Expanding the Elephant’s greenery in the derelict Heygate estate is Richard Reynolds, he and his partner are shown in the film using the empty buildings as a place to add colour and life endorsing the area with trees and plants. Reynolds describes in the film how Elephant and Castle is seen as the “underdog”, shots of the area in the film capture this ideology.
James Caddick defined a message he wanted the audience to leave with after they have watched the film: “I wanted it to be a film about people who are passionate about things and I wanted people to relate and make people think about that and care about that in our society, especially in an area that is going to be completely brought out with huge amounts of money- but not force that down people’s throats.
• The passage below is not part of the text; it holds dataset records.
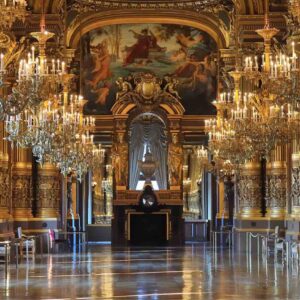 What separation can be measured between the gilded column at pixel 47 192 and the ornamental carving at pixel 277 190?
8.36m

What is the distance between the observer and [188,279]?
20.8 meters

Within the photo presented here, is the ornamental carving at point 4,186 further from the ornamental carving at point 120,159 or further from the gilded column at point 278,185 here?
the ornamental carving at point 120,159

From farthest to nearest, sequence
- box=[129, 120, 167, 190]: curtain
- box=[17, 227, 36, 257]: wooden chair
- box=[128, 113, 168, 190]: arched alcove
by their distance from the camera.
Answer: box=[129, 120, 167, 190]: curtain
box=[128, 113, 168, 190]: arched alcove
box=[17, 227, 36, 257]: wooden chair

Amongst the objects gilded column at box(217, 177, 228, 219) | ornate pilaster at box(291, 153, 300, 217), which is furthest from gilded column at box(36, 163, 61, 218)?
gilded column at box(217, 177, 228, 219)

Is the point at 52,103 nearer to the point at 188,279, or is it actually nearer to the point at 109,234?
the point at 188,279

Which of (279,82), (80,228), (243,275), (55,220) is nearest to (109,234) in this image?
(80,228)

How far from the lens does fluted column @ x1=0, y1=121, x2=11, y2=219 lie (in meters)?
28.7

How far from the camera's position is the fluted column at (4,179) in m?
28.7

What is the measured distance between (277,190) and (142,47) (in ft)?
46.5

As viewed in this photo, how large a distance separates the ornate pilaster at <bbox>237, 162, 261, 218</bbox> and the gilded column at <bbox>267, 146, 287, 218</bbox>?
941 mm

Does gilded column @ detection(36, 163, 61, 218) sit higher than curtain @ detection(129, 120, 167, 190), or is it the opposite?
curtain @ detection(129, 120, 167, 190)

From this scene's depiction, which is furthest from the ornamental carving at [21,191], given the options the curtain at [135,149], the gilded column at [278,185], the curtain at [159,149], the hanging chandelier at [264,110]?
the curtain at [159,149]

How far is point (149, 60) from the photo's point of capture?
146ft

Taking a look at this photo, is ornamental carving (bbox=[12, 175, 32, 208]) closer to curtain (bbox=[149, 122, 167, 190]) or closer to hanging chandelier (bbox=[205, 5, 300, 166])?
hanging chandelier (bbox=[205, 5, 300, 166]) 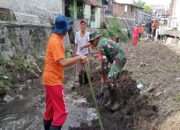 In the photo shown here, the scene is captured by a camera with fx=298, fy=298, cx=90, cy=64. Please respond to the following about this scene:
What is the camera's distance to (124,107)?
6.42 m

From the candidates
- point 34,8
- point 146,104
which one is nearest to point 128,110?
point 146,104

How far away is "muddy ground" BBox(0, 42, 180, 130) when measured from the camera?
18.4ft

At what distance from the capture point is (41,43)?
1512 centimetres

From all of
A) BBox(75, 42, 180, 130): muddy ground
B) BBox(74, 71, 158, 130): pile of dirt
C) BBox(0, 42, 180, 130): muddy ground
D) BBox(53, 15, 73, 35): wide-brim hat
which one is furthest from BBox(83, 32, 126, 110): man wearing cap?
BBox(53, 15, 73, 35): wide-brim hat

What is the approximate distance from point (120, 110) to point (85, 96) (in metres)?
1.82

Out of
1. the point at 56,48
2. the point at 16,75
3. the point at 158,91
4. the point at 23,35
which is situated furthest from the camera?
the point at 23,35

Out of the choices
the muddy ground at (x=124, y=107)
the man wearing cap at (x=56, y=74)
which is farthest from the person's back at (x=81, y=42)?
the man wearing cap at (x=56, y=74)

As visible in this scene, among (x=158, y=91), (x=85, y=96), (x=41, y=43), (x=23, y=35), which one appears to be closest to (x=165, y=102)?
(x=158, y=91)

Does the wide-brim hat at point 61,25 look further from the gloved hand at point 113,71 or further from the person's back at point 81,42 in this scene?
the person's back at point 81,42

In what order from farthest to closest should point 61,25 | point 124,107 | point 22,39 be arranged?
point 22,39
point 124,107
point 61,25

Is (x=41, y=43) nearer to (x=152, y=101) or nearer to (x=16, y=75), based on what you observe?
(x=16, y=75)

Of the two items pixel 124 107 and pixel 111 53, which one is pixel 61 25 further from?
pixel 124 107

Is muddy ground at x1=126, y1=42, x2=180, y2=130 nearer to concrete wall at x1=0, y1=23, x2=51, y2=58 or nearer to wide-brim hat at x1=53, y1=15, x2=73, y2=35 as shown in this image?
wide-brim hat at x1=53, y1=15, x2=73, y2=35

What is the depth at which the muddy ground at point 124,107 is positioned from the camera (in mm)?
5621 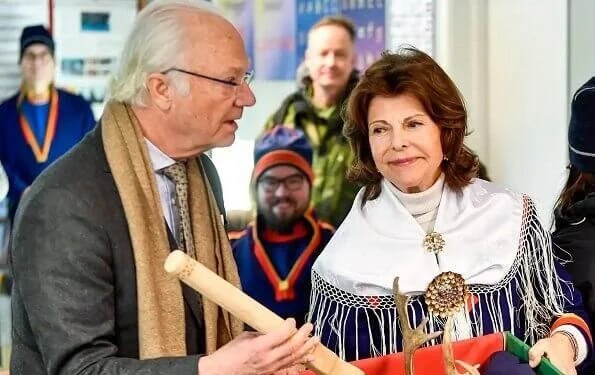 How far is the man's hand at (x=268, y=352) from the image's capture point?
1320 mm

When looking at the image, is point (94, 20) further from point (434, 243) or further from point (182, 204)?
point (434, 243)

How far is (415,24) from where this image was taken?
3854 millimetres

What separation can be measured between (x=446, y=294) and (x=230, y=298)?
2.05 ft

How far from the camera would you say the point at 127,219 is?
158 cm

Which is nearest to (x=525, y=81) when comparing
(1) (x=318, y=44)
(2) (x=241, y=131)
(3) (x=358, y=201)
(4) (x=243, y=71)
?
(1) (x=318, y=44)

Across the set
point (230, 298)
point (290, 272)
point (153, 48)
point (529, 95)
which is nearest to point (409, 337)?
point (230, 298)

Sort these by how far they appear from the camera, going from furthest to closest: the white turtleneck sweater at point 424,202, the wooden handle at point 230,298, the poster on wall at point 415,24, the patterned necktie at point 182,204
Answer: the poster on wall at point 415,24 → the white turtleneck sweater at point 424,202 → the patterned necktie at point 182,204 → the wooden handle at point 230,298

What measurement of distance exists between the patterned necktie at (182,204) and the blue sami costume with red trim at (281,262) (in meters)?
1.72

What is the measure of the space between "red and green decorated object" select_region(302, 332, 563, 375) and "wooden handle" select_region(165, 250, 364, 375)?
0.18m

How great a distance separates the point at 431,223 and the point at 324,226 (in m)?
1.71

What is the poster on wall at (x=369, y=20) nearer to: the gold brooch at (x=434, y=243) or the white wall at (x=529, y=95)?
the white wall at (x=529, y=95)

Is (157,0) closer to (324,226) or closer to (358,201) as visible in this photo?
(358,201)

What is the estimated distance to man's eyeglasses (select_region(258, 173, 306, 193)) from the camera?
11.7 feet

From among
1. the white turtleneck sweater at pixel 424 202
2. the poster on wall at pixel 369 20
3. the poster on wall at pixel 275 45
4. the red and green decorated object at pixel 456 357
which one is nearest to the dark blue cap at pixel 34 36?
the poster on wall at pixel 275 45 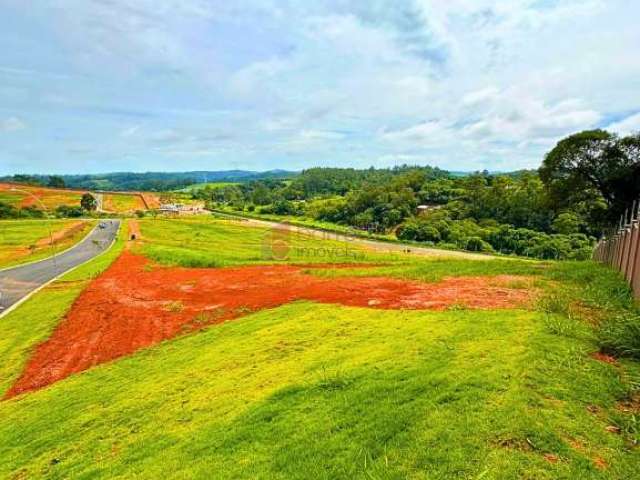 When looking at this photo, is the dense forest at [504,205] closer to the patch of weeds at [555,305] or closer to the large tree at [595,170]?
the large tree at [595,170]

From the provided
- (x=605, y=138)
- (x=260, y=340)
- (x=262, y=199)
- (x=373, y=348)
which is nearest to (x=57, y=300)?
(x=260, y=340)

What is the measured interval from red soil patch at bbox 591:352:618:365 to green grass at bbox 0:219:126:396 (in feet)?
52.0

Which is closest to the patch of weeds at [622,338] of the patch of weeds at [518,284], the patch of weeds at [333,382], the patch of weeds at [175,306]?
the patch of weeds at [333,382]

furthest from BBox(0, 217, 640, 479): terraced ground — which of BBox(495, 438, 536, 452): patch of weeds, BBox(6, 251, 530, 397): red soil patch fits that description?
BBox(6, 251, 530, 397): red soil patch

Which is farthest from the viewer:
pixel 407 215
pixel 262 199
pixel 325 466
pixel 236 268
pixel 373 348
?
pixel 262 199

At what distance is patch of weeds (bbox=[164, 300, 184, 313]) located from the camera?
676 inches

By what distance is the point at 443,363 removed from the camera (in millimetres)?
7250

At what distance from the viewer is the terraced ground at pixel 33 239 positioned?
140 feet

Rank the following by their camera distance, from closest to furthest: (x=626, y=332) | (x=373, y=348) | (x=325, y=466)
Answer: (x=325, y=466)
(x=626, y=332)
(x=373, y=348)

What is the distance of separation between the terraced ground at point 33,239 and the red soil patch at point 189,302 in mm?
25657

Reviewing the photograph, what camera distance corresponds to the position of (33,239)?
187 ft

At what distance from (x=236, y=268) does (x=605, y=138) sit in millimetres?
23344

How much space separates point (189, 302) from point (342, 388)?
1304 cm

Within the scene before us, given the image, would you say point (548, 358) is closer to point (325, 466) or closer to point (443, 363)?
point (443, 363) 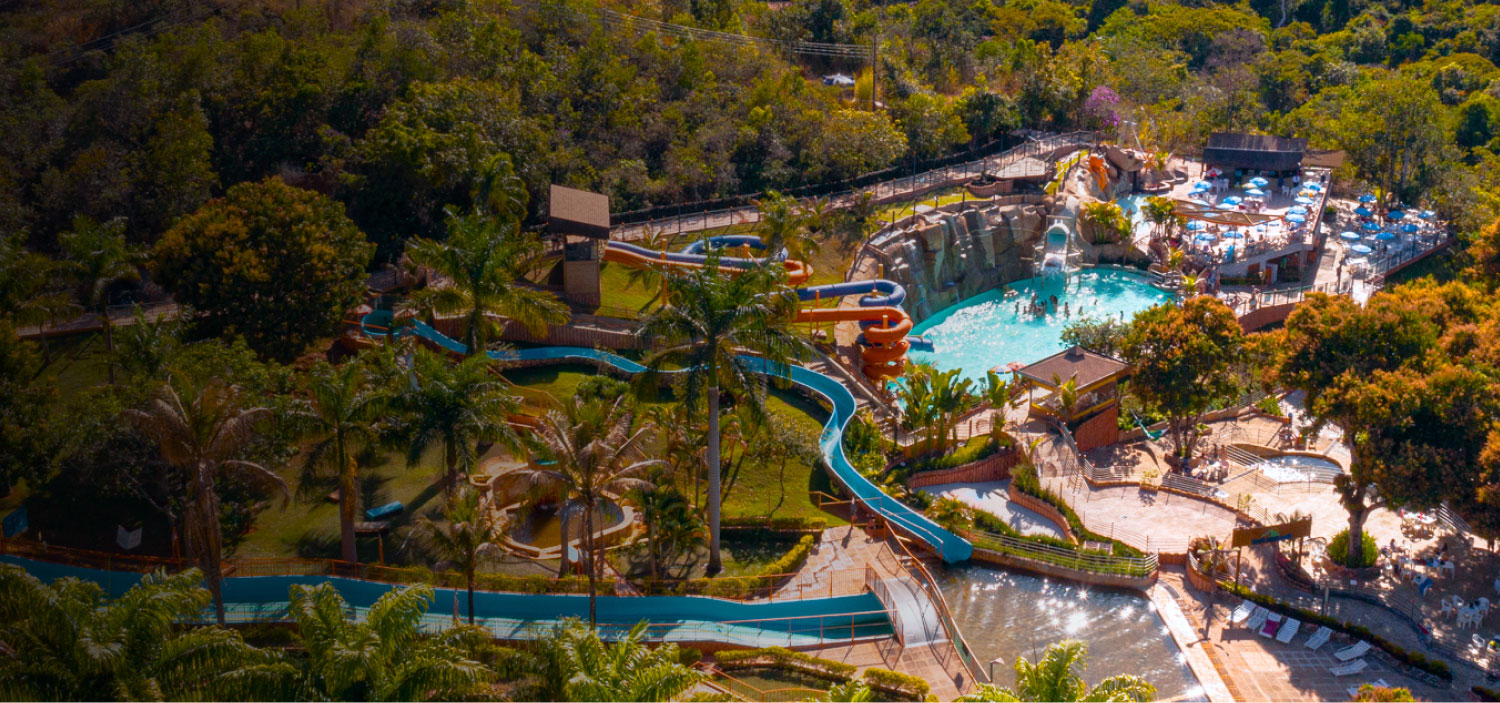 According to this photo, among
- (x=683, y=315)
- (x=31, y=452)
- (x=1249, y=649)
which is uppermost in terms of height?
(x=683, y=315)

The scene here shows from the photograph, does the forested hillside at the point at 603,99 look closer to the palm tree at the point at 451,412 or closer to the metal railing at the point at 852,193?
the metal railing at the point at 852,193

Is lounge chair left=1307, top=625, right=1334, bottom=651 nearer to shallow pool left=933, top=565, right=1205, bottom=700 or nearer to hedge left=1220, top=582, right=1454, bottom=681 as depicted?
hedge left=1220, top=582, right=1454, bottom=681

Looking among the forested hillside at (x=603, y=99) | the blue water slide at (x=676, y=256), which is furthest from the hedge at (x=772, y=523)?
the forested hillside at (x=603, y=99)

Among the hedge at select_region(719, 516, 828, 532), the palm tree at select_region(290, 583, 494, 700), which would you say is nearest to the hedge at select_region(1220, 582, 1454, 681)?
the hedge at select_region(719, 516, 828, 532)

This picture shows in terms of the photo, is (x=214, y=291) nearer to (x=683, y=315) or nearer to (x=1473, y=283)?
(x=683, y=315)

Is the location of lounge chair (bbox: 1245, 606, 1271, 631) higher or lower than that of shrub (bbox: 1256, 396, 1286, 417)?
lower

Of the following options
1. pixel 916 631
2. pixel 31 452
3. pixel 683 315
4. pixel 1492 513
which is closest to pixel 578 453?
pixel 683 315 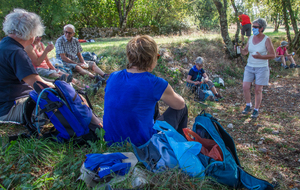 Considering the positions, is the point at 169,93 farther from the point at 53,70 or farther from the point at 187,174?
the point at 53,70

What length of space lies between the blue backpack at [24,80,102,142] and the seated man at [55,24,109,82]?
311 centimetres

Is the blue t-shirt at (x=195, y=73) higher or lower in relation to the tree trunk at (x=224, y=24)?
lower

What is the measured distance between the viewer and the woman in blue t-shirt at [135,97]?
210 cm

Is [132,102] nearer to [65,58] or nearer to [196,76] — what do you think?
[65,58]

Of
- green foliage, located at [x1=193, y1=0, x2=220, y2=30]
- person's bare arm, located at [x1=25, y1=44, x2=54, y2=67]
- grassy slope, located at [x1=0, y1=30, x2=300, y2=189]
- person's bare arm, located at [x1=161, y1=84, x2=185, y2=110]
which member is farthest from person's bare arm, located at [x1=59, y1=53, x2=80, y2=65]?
green foliage, located at [x1=193, y1=0, x2=220, y2=30]

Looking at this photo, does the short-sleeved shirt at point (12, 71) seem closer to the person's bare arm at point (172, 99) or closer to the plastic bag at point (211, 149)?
the person's bare arm at point (172, 99)

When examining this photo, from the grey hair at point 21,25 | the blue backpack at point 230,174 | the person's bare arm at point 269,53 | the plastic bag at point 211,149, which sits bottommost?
the blue backpack at point 230,174

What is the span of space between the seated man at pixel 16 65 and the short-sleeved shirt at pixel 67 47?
2.65 metres

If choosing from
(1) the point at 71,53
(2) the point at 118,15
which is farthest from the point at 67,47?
(2) the point at 118,15

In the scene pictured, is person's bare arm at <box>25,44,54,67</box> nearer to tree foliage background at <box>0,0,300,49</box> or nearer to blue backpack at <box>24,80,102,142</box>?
blue backpack at <box>24,80,102,142</box>

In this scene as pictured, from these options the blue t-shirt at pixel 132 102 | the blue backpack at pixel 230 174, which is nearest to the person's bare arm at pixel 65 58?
the blue t-shirt at pixel 132 102

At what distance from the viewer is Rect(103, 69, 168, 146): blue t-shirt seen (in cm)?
210

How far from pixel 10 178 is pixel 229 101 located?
5.88 metres

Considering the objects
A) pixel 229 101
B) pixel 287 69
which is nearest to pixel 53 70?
pixel 229 101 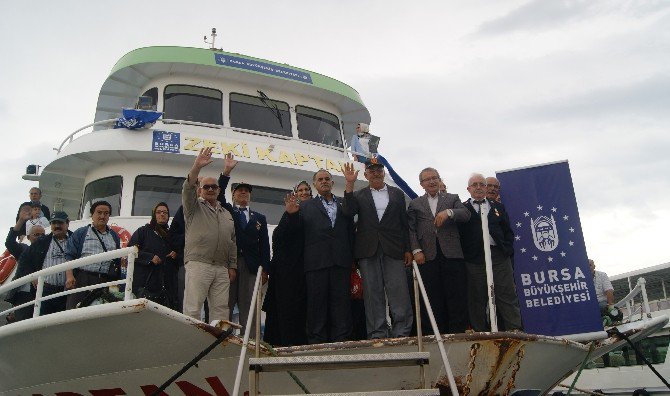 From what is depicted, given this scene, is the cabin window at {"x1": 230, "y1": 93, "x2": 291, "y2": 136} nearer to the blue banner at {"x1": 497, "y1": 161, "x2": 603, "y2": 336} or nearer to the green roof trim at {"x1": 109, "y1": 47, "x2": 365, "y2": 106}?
the green roof trim at {"x1": 109, "y1": 47, "x2": 365, "y2": 106}

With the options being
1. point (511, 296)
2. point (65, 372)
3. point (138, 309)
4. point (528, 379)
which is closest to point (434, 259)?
point (511, 296)

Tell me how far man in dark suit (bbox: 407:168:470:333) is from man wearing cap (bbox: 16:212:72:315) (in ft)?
11.2

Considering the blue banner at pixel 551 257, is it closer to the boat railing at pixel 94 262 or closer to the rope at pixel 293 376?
the rope at pixel 293 376

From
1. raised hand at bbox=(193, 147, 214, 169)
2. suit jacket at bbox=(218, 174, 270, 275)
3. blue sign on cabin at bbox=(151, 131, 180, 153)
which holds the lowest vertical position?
suit jacket at bbox=(218, 174, 270, 275)

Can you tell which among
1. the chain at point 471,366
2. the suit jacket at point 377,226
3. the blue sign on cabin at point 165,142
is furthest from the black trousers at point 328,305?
the blue sign on cabin at point 165,142

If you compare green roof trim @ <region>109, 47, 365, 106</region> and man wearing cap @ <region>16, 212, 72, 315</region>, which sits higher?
green roof trim @ <region>109, 47, 365, 106</region>

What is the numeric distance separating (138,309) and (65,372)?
135 cm

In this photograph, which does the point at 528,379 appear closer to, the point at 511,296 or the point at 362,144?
the point at 511,296

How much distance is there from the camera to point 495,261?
543 centimetres

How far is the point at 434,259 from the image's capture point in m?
5.15

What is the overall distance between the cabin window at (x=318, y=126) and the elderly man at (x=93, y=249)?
4726 millimetres

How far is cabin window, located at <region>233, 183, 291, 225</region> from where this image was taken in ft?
27.2

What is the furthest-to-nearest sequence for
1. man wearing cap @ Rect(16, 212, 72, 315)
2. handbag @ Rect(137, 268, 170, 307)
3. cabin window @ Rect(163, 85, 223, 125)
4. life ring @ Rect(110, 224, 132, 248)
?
cabin window @ Rect(163, 85, 223, 125)
life ring @ Rect(110, 224, 132, 248)
man wearing cap @ Rect(16, 212, 72, 315)
handbag @ Rect(137, 268, 170, 307)

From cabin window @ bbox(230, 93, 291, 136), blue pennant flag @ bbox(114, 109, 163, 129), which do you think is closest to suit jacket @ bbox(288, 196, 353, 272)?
blue pennant flag @ bbox(114, 109, 163, 129) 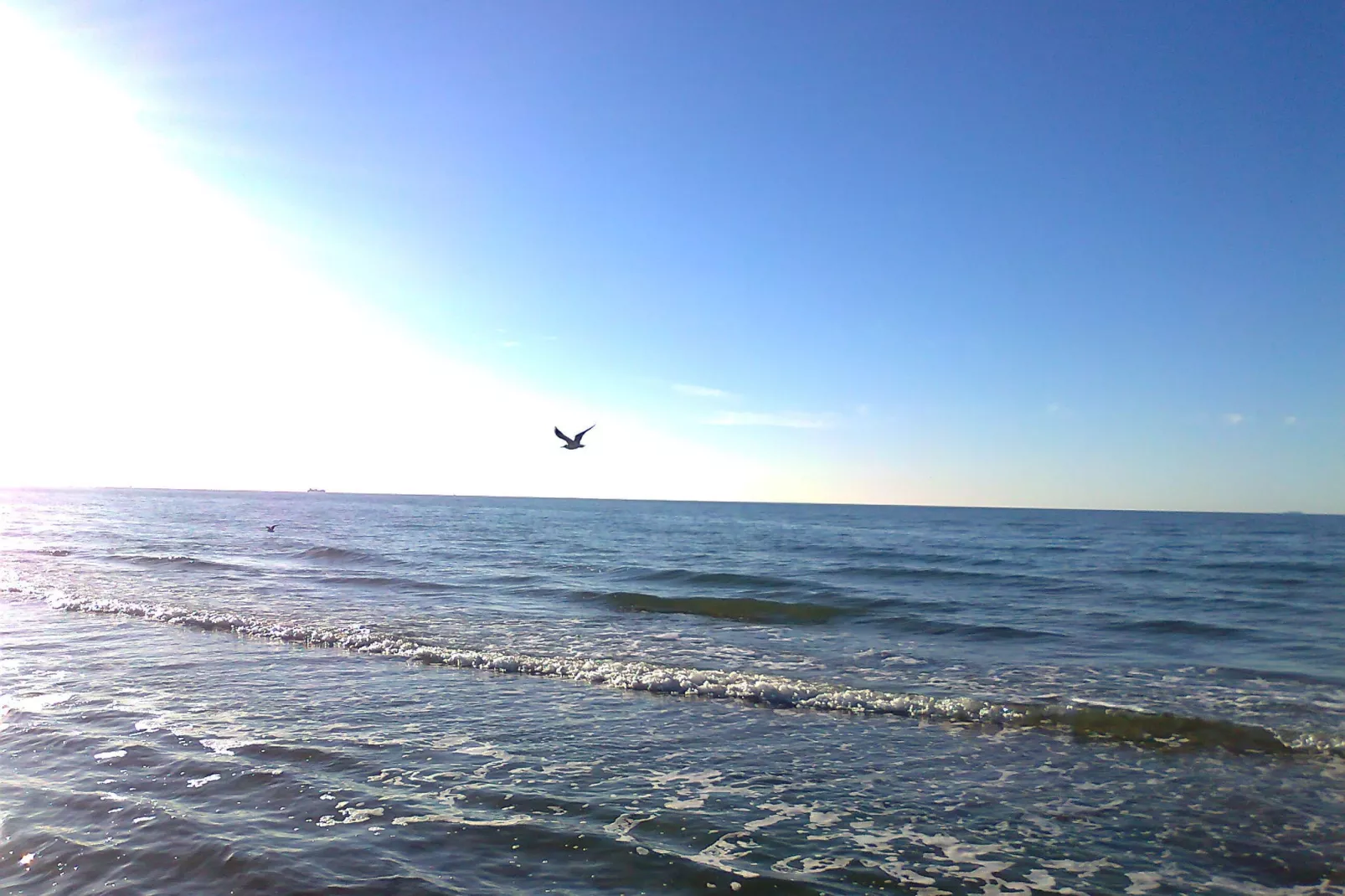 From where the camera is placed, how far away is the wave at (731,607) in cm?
2391

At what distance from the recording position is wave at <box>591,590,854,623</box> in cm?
2391

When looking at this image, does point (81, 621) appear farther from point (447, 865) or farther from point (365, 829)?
point (447, 865)

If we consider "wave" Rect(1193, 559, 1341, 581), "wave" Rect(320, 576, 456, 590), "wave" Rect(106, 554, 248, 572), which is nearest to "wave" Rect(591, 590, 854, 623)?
"wave" Rect(320, 576, 456, 590)

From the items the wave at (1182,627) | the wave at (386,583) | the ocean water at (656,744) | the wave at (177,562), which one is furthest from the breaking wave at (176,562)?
the wave at (1182,627)

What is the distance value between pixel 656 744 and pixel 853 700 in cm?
439

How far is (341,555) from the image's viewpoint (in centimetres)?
4034

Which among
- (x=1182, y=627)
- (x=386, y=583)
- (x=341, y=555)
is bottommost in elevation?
(x=341, y=555)

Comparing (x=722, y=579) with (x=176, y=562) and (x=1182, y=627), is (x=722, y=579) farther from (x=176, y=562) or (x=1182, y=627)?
(x=176, y=562)

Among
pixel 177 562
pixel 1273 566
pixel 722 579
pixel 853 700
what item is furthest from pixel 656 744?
pixel 1273 566

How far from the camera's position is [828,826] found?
8.15 m

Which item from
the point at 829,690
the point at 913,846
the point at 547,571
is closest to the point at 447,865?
the point at 913,846

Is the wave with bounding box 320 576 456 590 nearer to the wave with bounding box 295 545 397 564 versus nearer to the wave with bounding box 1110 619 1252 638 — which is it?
the wave with bounding box 295 545 397 564

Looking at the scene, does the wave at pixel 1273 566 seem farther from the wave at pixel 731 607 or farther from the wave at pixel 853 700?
the wave at pixel 853 700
It’s about individuals and people who are passionate about what they do.”
Orlando has captured the energy of the Elephant from being a past resident close to East Street Market. He describes the best parts of living in the area.“I lived above East Street Market and so I enjoyed that and when I got the time I would be in the Elephant and Castle shopping centre, that’s still there and I like that. I hope that with all the changes going on, the kind of eccentricities that the area has are preserved somehow. I don’t know how that will happen.”
The Maccabees began their three months of touring around Europe in December last year, starting at London’s O2 and ending their tour in Madrid.
The band are aware that when returning to Elephant and Castle, they will already see distinct changes since they last packed their suitcase in their SE1 studio.